▶ [Work item]:
Please reproduce the data exactly and omit the pictures.

▶ [Input data]:
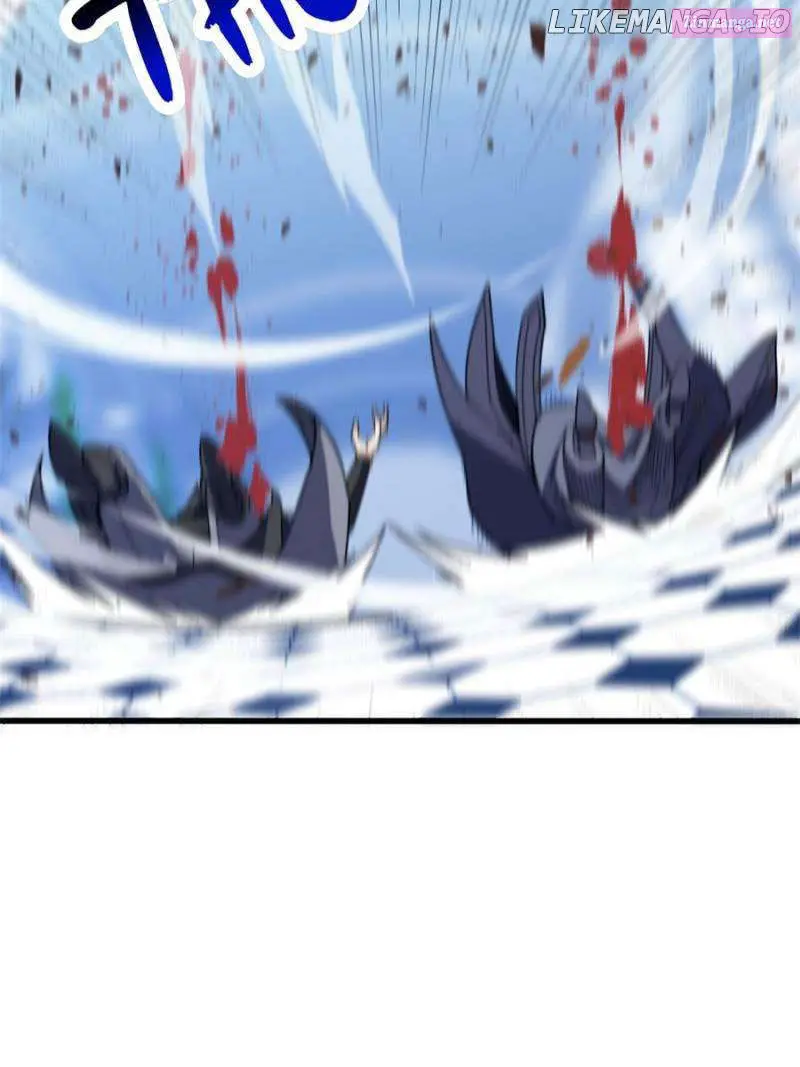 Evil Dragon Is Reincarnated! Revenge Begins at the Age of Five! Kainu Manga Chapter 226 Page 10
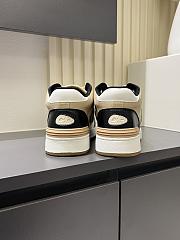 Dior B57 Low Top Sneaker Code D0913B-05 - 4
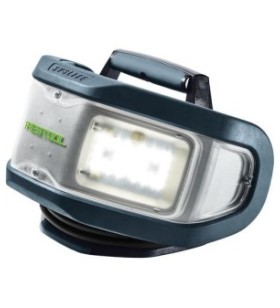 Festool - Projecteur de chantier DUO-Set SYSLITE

▶ [Written answer]:
 Evil Dragon Is Reincarnated! Revenge Begins at the Age of Five! Kainu Manga Chapter 226 Page 10
 Dior B57 Low Top Sneaker Code D0913B-05 - 4
 Festool - Projecteur de chantier DUO-Set SYSLITE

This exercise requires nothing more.